Mayock, who also starred on BC's baseball team, didn't realize how much the NFL Draft would become a focal point of his life in years to come. He only knew that he was caught up in the excitement in April of 1981, as he anticipated being chosen by an NFL team.
"I wound up being a 10th-round pick," Mayock said. "But I very much remember standing at first base for the BC baseball team, hoping that one of my roommates would be running down to tell me that I had been drafted earlier. ESPN had started to televise the draft in the late 1970s and early 1980s, and I have been fascinated by it ever since."
Mayock played briefly in the NFL before injuring his knee. At that point, he wasn't sure what lay ahead.
"I think people assumed I would go into coaching,' Mayock said. "My Dad was a coach, and I was offered a job with the Giants by (then defensive coordinator and special teams coach) Bill Belichick. I decided not to go that avenue. I went into business, but I missed football." Mayock decided to pursue a career in sports broadcasting.
"I knew the odds were against it because I didn't have a big name," Mayock said. "It wasn't like I was Doug Flutie or Dan Marino retiring. I had to work real hard at it locally at first and build a resume. Looking back at it, I am glad I took the time and made the effort."
By the mid-1990s, Mayock had polished his craft and built a reputation as a knowledgeable analyst. He became a familiar face working college football games on ESPN, CBS and NBC. Then, in early 2003, as the NFL prepared to launch its own specialty network, Mayock emerged as one of the names on the short list for the job of NFL Draft analyst.
Programming directors asked Mayock to audition by watching films of college players in action and analyzing their potential as pro prospects.
"They said, `Break it down like you're a pro scout,' " Mayock said. "As the son of a coach, I've been watching tape for a lot of years, so it came very naturally and very easily."

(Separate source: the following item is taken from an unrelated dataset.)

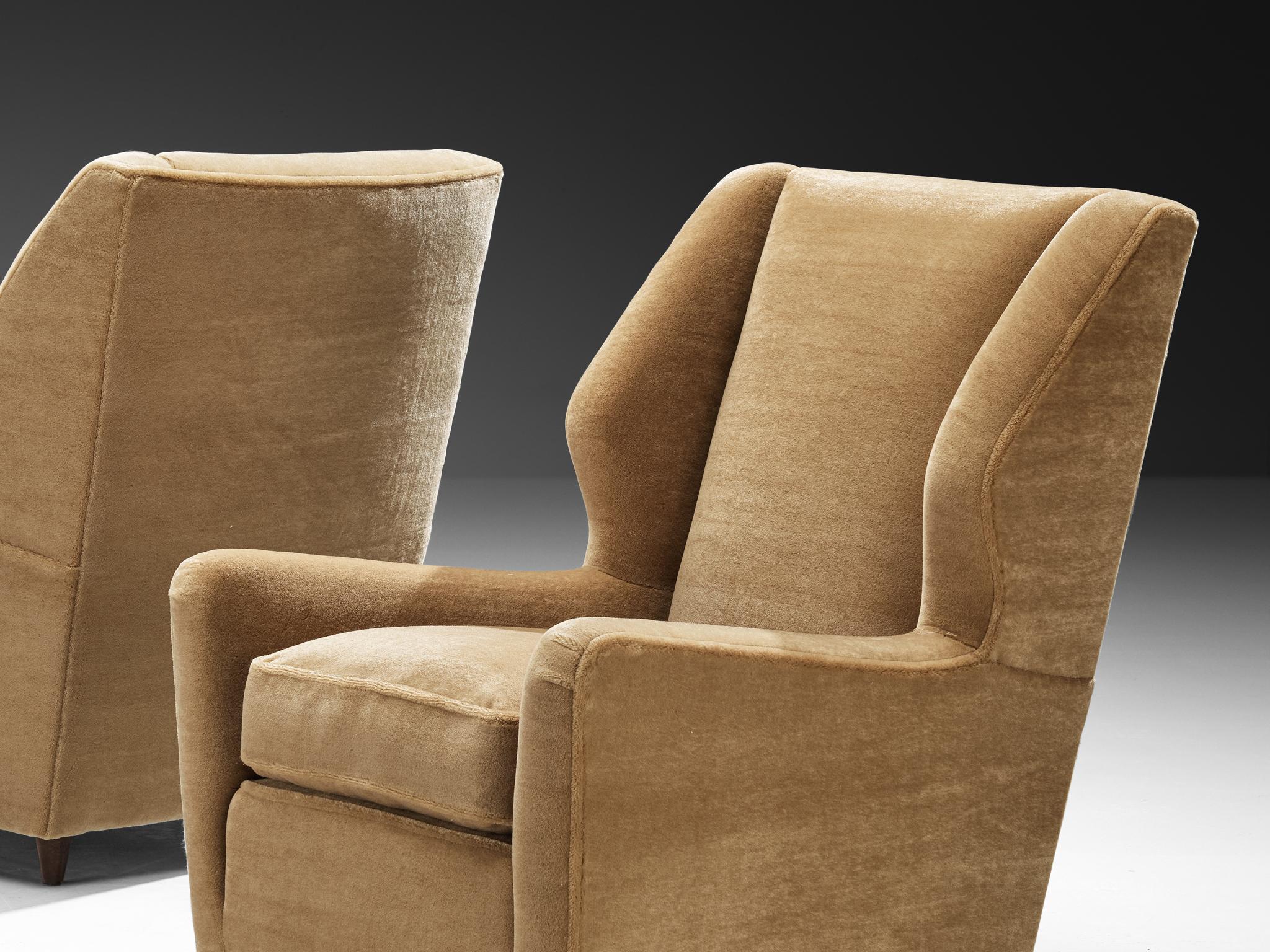 Coppia di sedie Wingback danesi in mohair beige cammello in vendita 2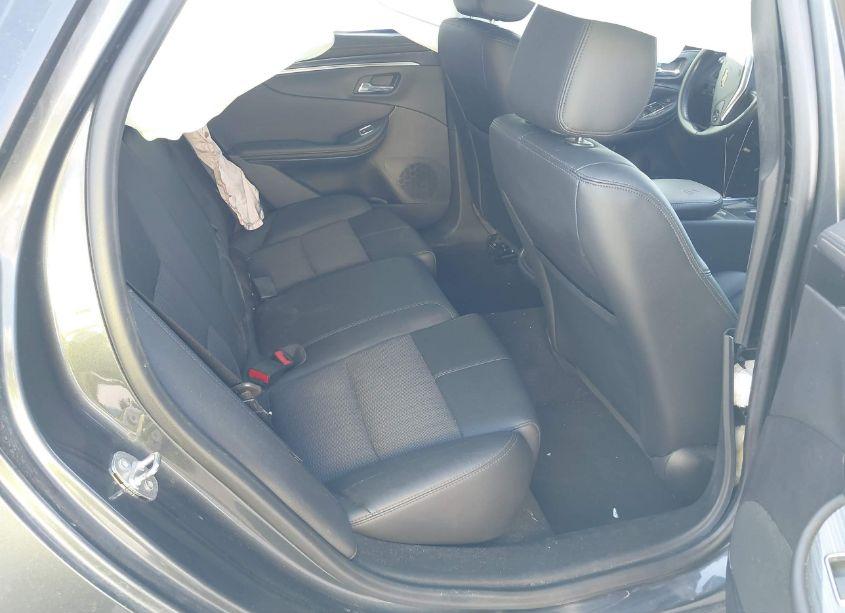 Photo 8 of 2019 Chevrolet Impala LT (VIN 2G11Z5S33K9104241)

The following day, the NFL Network offered Mayock the draft analyst position.
"They told me I could take the NFL Draft in any direction I wanted and be kind of a one-man scouting operation," Mayock said. "For me, that was kind of like a kid in a candy store. I had access to all this college game tape, and they were telling me I could take it any way I wanted to take it. You give a guy with a Type A personality that type of access ... I couldn't wait to go to work."
Mayock's job is a year-round one that consists of watching game film, speaking frequently with college and NFL scouts, plus scouting the Senior Bowl in December and NFL Combine in February.
"Then it's kind of a mad dash from there to the draft at the end of April," Mayock said. Mayock has established himself as one of the game's most thorough and accurate draft analysts. But he accepts the fact his reads will not always be universally accepted.
"With today's Internet, it is kind of funny," Mayock said. "A couple of years ago, when I was first starting to do this, my son (Michael, now a freshman defensive back at Villanova) would take it kind of personally when people didn't like what I had to say. I had to tell him just to calm down. You can find a whole lot of opinions out there if you look for them. You just have to be professional and not worry about it."
Mayock looks forward to this weekend, when Boston College plays host to North Carolina. Tar Heel head coach Butch Davis is a close friend from their days of working together at the NFL Network, but Mayock's heart will always be with his alma mater - and for reasons that go beyond football.
"You couldn't just skate through academically," Mayock said. "When I look back at the guys I entered school with as freshmen and where they are now, the thing I am most proud of is that they are good people, good fathers, good husbands, good in their communities. I am really proud of the fact that the university demanded that we become well-rounded individuals."